Toutes les données sur l’eau de la métropole serviront à alimenter un jumeau numérique des réseaux d’eau. Quatrième usage de l’hyperviseur : les simulations, pour évaluer l’impact de travaux de renouvellement de canalisation ou les conséquences de sécheresse. Le jumeau numérique servira à prédire la situation en eau sur plusieurs jours ou semaines à l’avance.
Enfin, cinquième et dernier usage développé par la métropole de Nice : le pilotage des installations de production, de pompage et de distribution de l’eau pour en optimiser le fonctionnement. La métropole dispose notamment de 18 usines d’eau potable sur son territoire. « La régie de l’eau est aussi productrice d’énergie grâce à trois générateurs sur le réseau d’eau potable. Nous allons installer des panneaux solaires pour produire autant d’énergie que l’on en consomme », affirme Hervé Paul.
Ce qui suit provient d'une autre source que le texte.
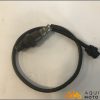SONDE LAMBDA HONDA CBR 1000 RR REPSOL 2011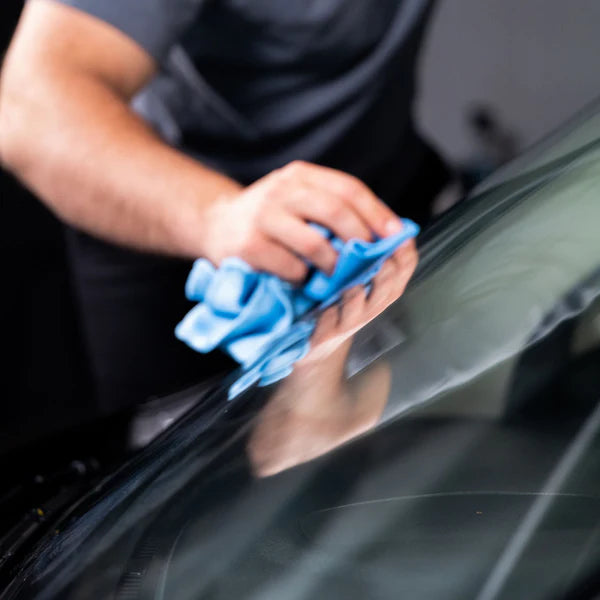 TURTLE WAX  CLEAR VUE RAIN REPELLENT 300 ML
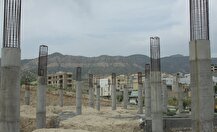 وجود ۶۰۰۰ همت پروژه ناتمام؛ سازمان برنامه و بودجه فقط سازمان بودجه است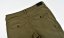 LUZI Olive Night Colored L36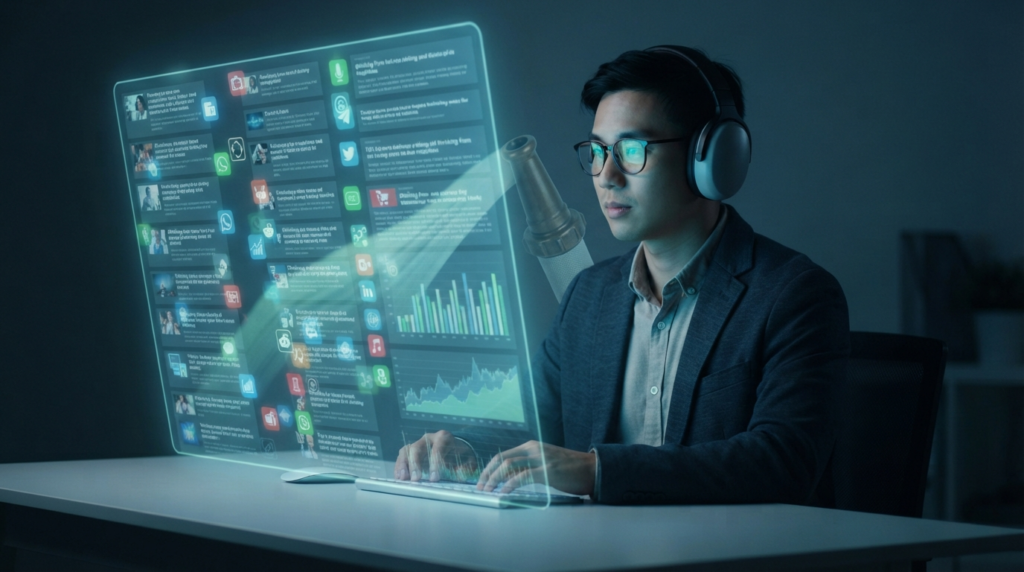 Technology News Today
Pour tous ces usages, la métropole de Nice va définir des indicateurs de performance et va suivre l’impact environnemental du projet. La régie prévoit d’ores et déjà de diminuer son empreinte carbone de 1 ktCO2e par an, soit une réduction de 7%. Hervé Paul table sur un retour sur investissement en cinq ans. En parallèle, d’autres projets liés à l’eau fleurissent dans la métropole, comme la récupération des eaux de pluie pour leur réutilisation. Une citerne de stockage a été installée par le fabricant Labaronne Citaf. Pour la métropole, agir pour la préservation de la ressource coule de source.